Tatuś nauczył ją, jak unikać konsekwencji nieprzyjemności. Jak wtedy, gdy jej matka musiała ratować biżuterię, którą stracił w zakładzie hazardowym. Lola patrzyła i uczyła się. Jej ojciec był taki wspaniały, kiedy był skruszony. A Lola nauczyła się używać zaklęć w wiadrach, gdy była w ciasnym kącie. W rzeczywistości była dzieckiem swojego ojca i on ją kochał. Dlatego sekretny zbiór funduszy, który jej dał, był tak cudowny.

Kontynuujmy z Lolą w Paryżu. Paryż jest tak zwrotny, czego nie znajdziesz. A te doły z pieniędzmi są tak nieuniknione.

Cała wypolerowana podłoga parkietowa była porozrzucana pustymi pudełkami i bibułką z bawełnianej i jedwabnej bielizny nocnej rozpakowanej do wglądu Loli.
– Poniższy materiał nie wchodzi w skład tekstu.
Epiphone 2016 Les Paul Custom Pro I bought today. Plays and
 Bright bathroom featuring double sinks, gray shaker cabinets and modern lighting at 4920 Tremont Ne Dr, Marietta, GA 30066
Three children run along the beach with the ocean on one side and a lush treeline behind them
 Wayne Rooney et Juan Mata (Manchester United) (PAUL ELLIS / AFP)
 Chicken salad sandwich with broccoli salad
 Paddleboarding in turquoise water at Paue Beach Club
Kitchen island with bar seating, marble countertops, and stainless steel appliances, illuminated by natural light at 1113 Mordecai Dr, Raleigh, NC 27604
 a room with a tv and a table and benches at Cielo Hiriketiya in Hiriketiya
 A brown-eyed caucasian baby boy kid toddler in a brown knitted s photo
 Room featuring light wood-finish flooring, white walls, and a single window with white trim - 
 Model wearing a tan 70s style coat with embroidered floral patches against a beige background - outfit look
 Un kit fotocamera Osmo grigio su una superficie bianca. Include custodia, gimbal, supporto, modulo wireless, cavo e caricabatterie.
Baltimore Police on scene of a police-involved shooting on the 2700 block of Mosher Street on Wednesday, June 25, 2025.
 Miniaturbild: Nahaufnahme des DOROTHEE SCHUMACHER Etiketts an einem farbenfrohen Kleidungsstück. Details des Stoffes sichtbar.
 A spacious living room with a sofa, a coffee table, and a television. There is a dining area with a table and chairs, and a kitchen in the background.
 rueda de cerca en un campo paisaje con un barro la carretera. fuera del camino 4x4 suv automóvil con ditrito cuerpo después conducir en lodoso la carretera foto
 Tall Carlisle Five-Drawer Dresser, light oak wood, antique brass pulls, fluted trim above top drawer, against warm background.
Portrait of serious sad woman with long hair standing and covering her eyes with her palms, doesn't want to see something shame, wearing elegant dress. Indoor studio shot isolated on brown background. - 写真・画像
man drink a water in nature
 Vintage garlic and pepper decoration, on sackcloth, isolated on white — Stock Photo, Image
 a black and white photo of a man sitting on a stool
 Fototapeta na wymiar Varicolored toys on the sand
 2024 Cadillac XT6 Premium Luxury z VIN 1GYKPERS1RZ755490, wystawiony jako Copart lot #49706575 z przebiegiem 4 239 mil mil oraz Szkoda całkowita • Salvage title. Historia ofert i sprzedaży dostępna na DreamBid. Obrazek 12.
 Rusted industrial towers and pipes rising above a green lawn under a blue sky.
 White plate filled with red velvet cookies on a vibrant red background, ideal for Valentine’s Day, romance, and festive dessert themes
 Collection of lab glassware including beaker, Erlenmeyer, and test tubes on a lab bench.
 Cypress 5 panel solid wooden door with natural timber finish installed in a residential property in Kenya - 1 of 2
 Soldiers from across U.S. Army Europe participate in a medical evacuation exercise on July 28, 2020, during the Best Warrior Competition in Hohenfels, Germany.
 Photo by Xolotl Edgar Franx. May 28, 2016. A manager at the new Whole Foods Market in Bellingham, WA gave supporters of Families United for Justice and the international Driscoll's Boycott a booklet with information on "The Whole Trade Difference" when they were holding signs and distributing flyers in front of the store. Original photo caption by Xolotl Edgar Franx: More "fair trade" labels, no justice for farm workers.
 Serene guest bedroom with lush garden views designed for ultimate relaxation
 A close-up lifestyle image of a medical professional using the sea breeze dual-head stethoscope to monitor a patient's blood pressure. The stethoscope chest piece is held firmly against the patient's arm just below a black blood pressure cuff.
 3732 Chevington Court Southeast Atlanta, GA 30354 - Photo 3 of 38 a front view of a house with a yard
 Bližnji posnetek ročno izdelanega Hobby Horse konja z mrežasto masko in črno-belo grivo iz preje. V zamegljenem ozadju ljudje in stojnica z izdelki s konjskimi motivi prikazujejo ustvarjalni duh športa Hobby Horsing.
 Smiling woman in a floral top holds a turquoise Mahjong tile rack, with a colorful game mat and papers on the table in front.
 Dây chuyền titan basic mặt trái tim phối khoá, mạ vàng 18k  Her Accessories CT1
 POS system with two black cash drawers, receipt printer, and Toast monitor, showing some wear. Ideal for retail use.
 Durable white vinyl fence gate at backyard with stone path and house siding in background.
Lola zawsze zaczynała od bawełnianej bielizny nocnej. Powiedziała, że ​​to danie główne, a deser jedwabiu.

Lola ucztowała jak gęś fois gras

 

 

Potem sięgnęła do torebki, by poczuć, jak soczyste francuskie banknoty tatusia śpią spokojnie. Zostali brutalnie obudzeni i wręczeni francuskiej lwicy, która warknęła z zadowoleniem.

 

Wyślij wszystko do mojego hotelu, Lola uśmiechnęła się słodko.

Francuska lwica skłoniła się i skrobała. Lola to lubiła.

Tego wieczoru drzwi apartamentu Loli otworzyły się i weszło trzech chłopców. Kołysali się z boku na bok jak wielbłądy obładowane dywanami na bazarze w Stambule.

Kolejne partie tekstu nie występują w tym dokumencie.